### Exercise input ###

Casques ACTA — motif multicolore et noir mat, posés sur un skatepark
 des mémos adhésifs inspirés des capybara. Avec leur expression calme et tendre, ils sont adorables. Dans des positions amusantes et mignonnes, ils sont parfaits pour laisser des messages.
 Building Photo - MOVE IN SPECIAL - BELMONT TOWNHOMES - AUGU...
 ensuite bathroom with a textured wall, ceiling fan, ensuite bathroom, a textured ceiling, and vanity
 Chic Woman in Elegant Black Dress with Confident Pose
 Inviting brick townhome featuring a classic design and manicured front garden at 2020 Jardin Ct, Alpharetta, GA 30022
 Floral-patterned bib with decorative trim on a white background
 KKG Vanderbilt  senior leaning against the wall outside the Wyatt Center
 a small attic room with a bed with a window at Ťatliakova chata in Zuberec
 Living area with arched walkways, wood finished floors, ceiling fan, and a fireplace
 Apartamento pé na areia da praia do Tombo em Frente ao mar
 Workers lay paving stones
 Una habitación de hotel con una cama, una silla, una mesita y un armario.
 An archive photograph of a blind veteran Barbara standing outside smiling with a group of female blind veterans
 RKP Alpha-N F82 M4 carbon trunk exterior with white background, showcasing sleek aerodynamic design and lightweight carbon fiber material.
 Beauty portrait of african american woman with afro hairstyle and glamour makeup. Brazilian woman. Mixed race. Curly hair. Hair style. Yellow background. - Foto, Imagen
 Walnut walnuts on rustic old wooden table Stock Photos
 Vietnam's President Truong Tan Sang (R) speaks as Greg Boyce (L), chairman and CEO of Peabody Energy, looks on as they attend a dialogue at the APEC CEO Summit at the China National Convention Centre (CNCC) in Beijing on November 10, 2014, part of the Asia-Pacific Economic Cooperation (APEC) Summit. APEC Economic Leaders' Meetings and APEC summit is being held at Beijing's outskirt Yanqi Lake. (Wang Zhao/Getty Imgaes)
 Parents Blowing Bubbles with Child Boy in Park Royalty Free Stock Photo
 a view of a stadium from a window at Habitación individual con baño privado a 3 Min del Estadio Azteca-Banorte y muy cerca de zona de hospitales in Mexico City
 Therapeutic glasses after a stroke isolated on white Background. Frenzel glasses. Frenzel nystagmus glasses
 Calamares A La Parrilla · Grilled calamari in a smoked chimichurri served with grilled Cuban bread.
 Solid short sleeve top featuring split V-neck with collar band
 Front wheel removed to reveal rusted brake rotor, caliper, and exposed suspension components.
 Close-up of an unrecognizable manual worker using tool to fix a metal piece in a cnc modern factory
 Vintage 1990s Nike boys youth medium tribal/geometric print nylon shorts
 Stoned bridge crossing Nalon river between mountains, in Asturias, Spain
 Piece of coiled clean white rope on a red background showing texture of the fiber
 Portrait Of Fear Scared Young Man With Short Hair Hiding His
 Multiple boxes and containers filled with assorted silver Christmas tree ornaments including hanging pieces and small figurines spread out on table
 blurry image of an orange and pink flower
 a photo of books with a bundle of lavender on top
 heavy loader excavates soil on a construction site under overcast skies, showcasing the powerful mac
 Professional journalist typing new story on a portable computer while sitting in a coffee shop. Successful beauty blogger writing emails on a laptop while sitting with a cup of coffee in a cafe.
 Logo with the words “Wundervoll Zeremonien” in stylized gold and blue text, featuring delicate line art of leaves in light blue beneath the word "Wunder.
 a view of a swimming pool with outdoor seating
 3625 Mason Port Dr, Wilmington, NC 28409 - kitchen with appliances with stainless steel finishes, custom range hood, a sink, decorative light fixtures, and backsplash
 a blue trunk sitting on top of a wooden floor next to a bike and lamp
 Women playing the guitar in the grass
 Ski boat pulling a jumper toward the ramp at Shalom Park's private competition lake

###

Assigned task
All lines above should be output verbatim.

Solution to this task
Casques ACTA — motif multicolore et noir mat, posés sur un skatepark
 des mémos adhésifs inspirés des capybara. Avec leur expression calme et tendre, ils sont adorables. Dans des positions amusantes et mignonnes, ils sont parfaits pour laisser des messages.
 Building Photo - MOVE IN SPECIAL - BELMONT TOWNHOMES - AUGU...
 ensuite bathroom with a textured wall, ceiling fan, ensuite bathroom, a textured ceiling, and vanity
 Chic Woman in Elegant Black Dress with Confident Pose
 Inviting brick townhome featuring a classic design and manicured front garden at 2020 Jardin Ct, Alpharetta, GA 30022
 Floral-patterned bib with decorative trim on a white background
 KKG Vanderbilt  senior leaning against the wall outside the Wyatt Center
 a small attic room with a bed with a window at Ťatliakova chata in Zuberec
 Living area with arched walkways, wood finished floors, ceiling fan, and a fireplace
 Apartamento pé na areia da praia do Tombo em Frente ao mar
 Workers lay paving stones
 Una habitación de hotel con una cama, una silla, una mesita y un armario.
 An archive photograph of a blind veteran Barbara standing outside smiling with a group of female blind veterans
 RKP Alpha-N F82 M4 carbon trunk exterior with white background, showcasing sleek aerodynamic design and lightweight carbon fiber material.
 Beauty portrait of african american woman with afro hairstyle and glamour makeup. Brazilian woman. Mixed race. Curly hair. Hair style. Yellow background. - Foto, Imagen
 Walnut walnuts on rustic old wooden table Stock Photos
 Vietnam's President Truong Tan Sang (R) speaks as Greg Boyce (L), chairman and CEO of Peabody Energy, looks on as they attend a dialogue at the APEC CEO Summit at the China National Convention Centre (CNCC) in Beijing on November 10, 2014, part of the Asia-Pacific Economic Cooperation (APEC) Summit. APEC Economic Leaders' Meetings and APEC summit is being held at Beijing's outskirt Yanqi Lake. (Wang Zhao/Getty Imgaes)
 Parents Blowing Bubbles with Child Boy in Park Royalty Free Stock Photo
 a view of a stadium from a window at Habitación individual con baño privado a 3 Min del Estadio Azteca-Banorte y muy cerca de zona de hospitales in Mexico City
 Therapeutic glasses after a stroke isolated on white Background. Frenzel glasses. Frenzel nystagmus glasses
 Calamares A La Parrilla · Grilled calamari in a smoked chimichurri served with grilled Cuban bread.
 Solid short sleeve top featuring split V-neck with collar band
 Front wheel removed to reveal rusted brake rotor, caliper, and exposed suspension components.
 Close-up of an unrecognizable manual worker using tool to fix a metal piece in a cnc modern factory
 Vintage 1990s Nike boys youth medium tribal/geometric print nylon shorts
 Stoned bridge crossing Nalon river between mountains, in Asturias, Spain
 Piece of coiled clean white rope on a red background showing texture of the fiber
 Portrait Of Fear Scared Young Man With Short Hair Hiding His
 Multiple boxes and containers filled with assorted silver Christmas tree ornaments including hanging pieces and small figurines spread out on table
 blurry image of an orange and pink flower
 a photo of books with a bundle of lavender on top
 heavy loader excavates soil on a construction site under overcast skies, showcasing the powerful mac
 Professional journalist typing new story on a portable computer while sitting in a coffee shop. Successful beauty blogger writing emails on a laptop while sitting with a cup of coffee in a cafe.
 Logo with the words “Wundervoll Zeremonien” in stylized gold and blue text, featuring delicate line art of leaves in light blue beneath the word "Wunder.
 a view of a swimming pool with outdoor seating
 3625 Mason Port Dr, Wilmington, NC 28409 - kitchen with appliances with stainless steel finishes, custom range hood, a sink, decorative light fixtures, and backsplash
 a blue trunk sitting on top of a wooden floor next to a bike and lamp
 Women playing the guitar in the grass
 Ski boat pulling a jumper toward the ramp at Shalom Park's private competition lake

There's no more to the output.